It was this reporter’s privilege to be present at the Weeping Gate of Smyrna bare hours ago, to watch the most perilous and remarkable Fey assault since Amarant Field be turned aside by a single unit of the Advance Special Hoplite: the Antichyros of Sunset. Details are few and far between at this heedless hour – but many eye witness accounts will soon fill the ears of every citizen of Vyle with what they saw that day. Let this be the first. The larger details of the account will certainly be forthcoming in these pages as time and diligence can locate them.

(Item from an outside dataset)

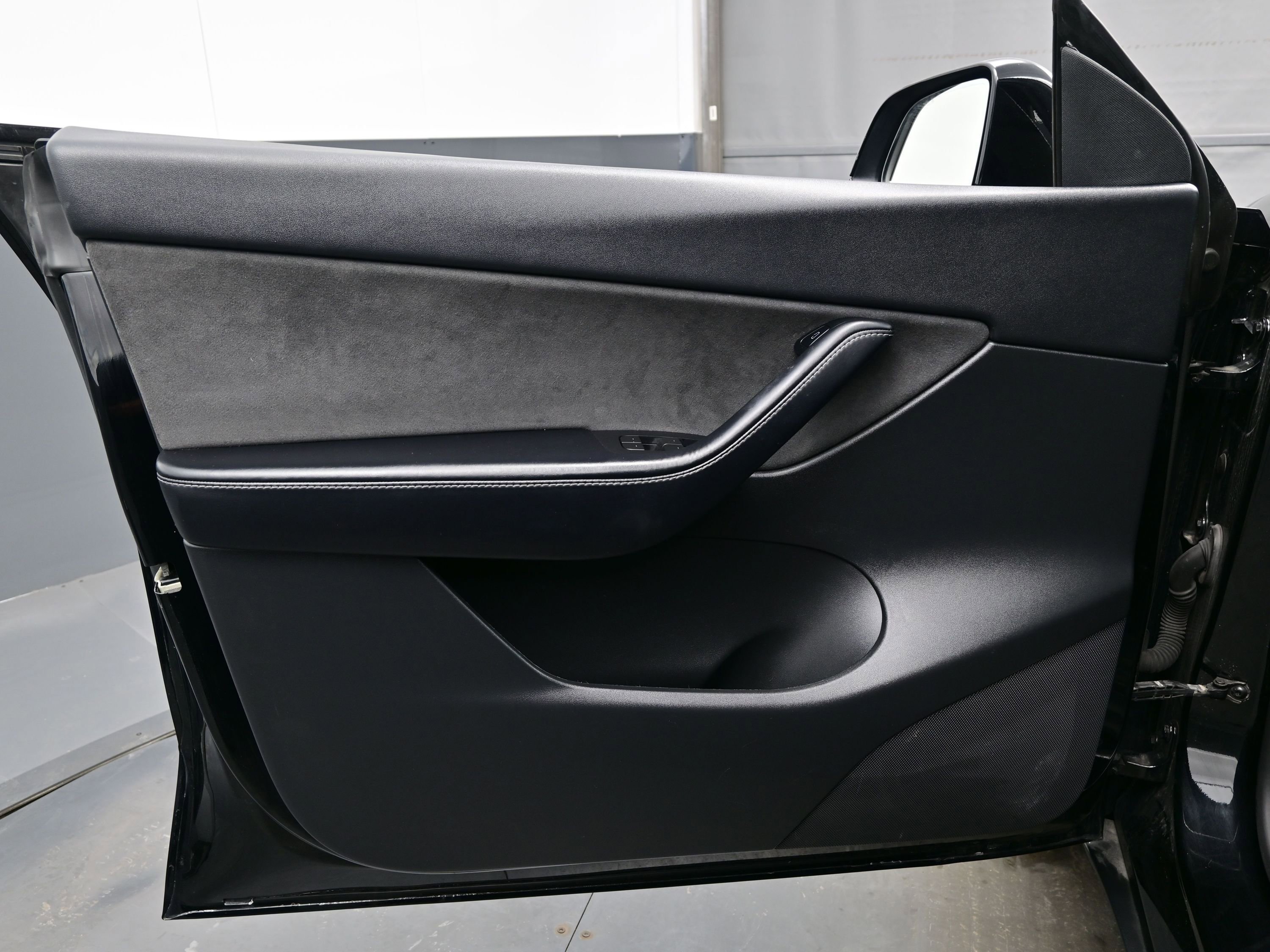 Used 2022 Tesla Model Y Performance image 9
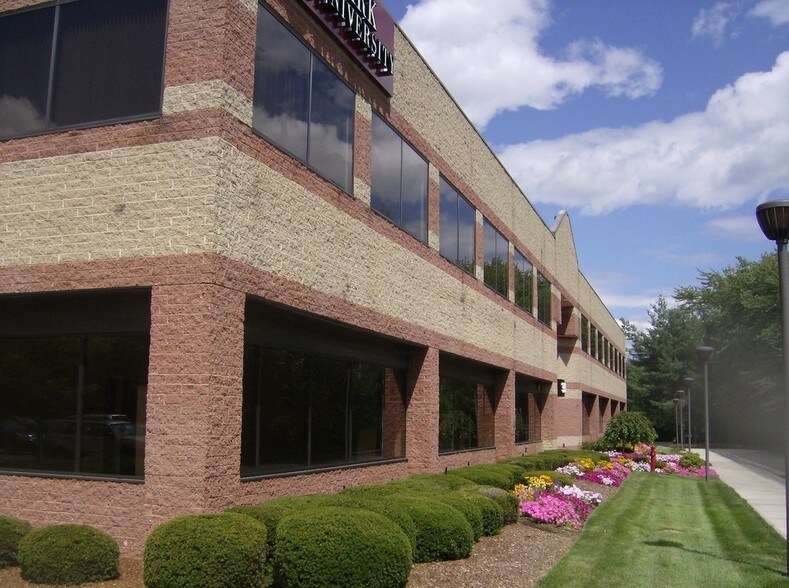 More Photos Of 333 Turnpike Rd, Southborough Office For Lease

According to the ASH Desk, the ATC Sunset was dispatched to investigate a communication lapse at Fort Terra. They found the outpost empty except for a few soldiers recovering from a strange sickness. There they were set upon by a gigantic beast with a form similar to a fox that pursued them and the survivors even to the vast ironbane bastion of Smyrna, the Weeping Gate. After seeing to the care of the Fort’s survivors, the ATC Sunset were immediately dispatched by Tagma leadership to delay and distract the creature. From all reports it had gone mad with rage and pain and was throwing itself against the Gate itself. Tagma Silver officials insist that the city was in little danger and the damage to the gate was minimal, but this reporter and the many citizens who stood on the walls know the truth. The great fox’s eyes were not those of a beast and it’s aim was clear.  The Fey creature was well on the way to tearing the gates asunder and filling the streets of Smyrna with horror and fire.

How could any mortal hope to contend with such alien malice?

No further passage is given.